[DATA SEGMENT — start]
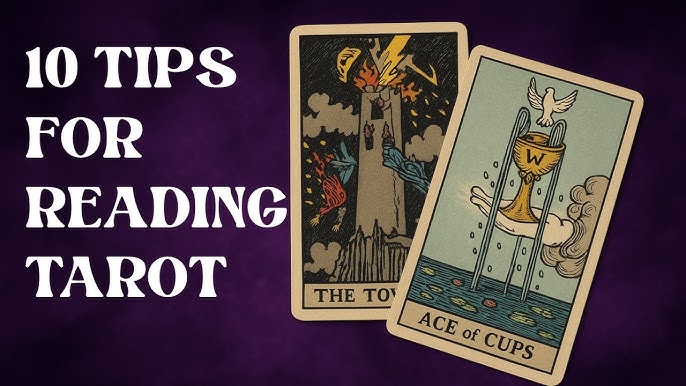 How to Interpret As de Copas Tarot: Simple Advice for Beginners and Experts!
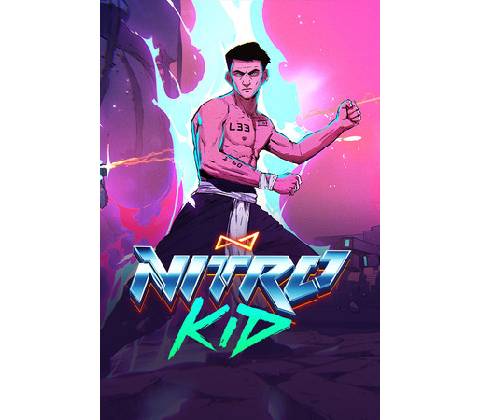 Nitro Kid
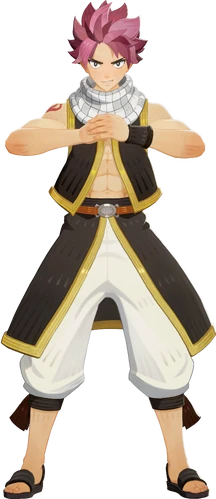 Natsu/Gallery | AFK Journey Wiki | Fandom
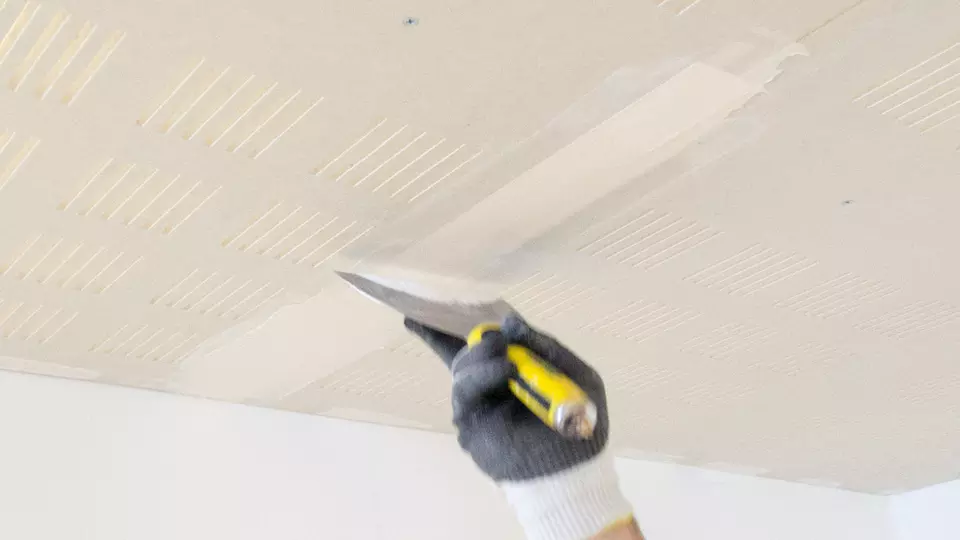 Installation Gyptone 4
[DATA SEGMENT — finish]
• [ACTIVITY]: Retype only the lines from the line with "Natsu/Gallery | AFK Journey Wiki | Fandom" through the last line of the data. Keep both ends and skip the pictures.

• [RESPONSE TO THIS TASK]:
 Natsu/Gallery | AFK Journey Wiki | Fandom
 Installation Gyptone 4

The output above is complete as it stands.